How ironic that Dark Waters hit American cinemas at almost exactly the same time the Democratic primary race was gearing up in Michigan. As Democratic politicians began the courting the voters of Michigan, once the home of the American automobile industry and the mighty autoworkers union, audiences on both sides of the pond are treated to a legal thriller from director Todd Haynes (Far From Heaven, Carol) about one of the many regrettable episodes in that state’s sad history.

Mark Ruffalo plays lawyer Robert Bilott, a corporate attorney for the Ohio-based Taft Stettinius & Hollister law firm. Bilott spends his time at Taft working on behalf of the DuPont Corporation, one of America’s largest and most powerful chemical companies.
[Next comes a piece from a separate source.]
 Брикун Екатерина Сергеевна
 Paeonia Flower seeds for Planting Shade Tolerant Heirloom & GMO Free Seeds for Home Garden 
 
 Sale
Bilott has made a lucrative career defending DuPont against every lawsuit and writ going, and doesn’t give a tremendous amount of thought to the social impact the chemical giant may or may not have on the environment.

dark waters film review tim robbins

“Enjoyable, if conventional”

Then one day West Virginia cattle farmer Wilbur Tennant walks into his office. Wearing a baseball hat, a tatty shirt, a pair of boots and workman’s overalls which have clearly seen better days, Tennant doesn’t look like the typical Taft client, but he’s about to turn Bilott’s life upside down.

Tennant’s problem is this: his cattle are dying. If not dying, then becoming very sick, so sick in fact a number of the cattle are becoming literally mad. Tennant is convinced that his cattle are being poisoned by drinking the water run off from his neighbours, the massive DuPont chemical plant, an industrial complex five times the size of the Pentagon. Needless to say that Billott discovers that DuPont are withholding a deadly secret at their plant, which leads him to question exactly what is being created by DuPont, the company on which he has built his whole career.

Dark Waters is a film straight from the drawer marked ‘Oscar’. We get a highly enjoyable, if conventional, legal thriller. A neat twist on the ‘man on a mission’ story with overtones of Hitchcock and the great conspiracy thrillers of the 1970s like All The President’s Men and Chinatown.

dark waters film review anne

“Grim palate”

Mark Ruffalo is very watchable in the lead role and Tim Robbins is terrific in a supporting role as one of Taft’s most unscrupulous corporate hacks. Maddingly released in March, after the Academy Awards are dished out in February, Dark Waters feels like a Best Picture winner deliberately timed not to be nominated to anything. Special credit must go to Todd Haynes’s cinematographer, Edward Lachman, whose grim palate of greys, browns and dark blues are appropriate to the subject matter.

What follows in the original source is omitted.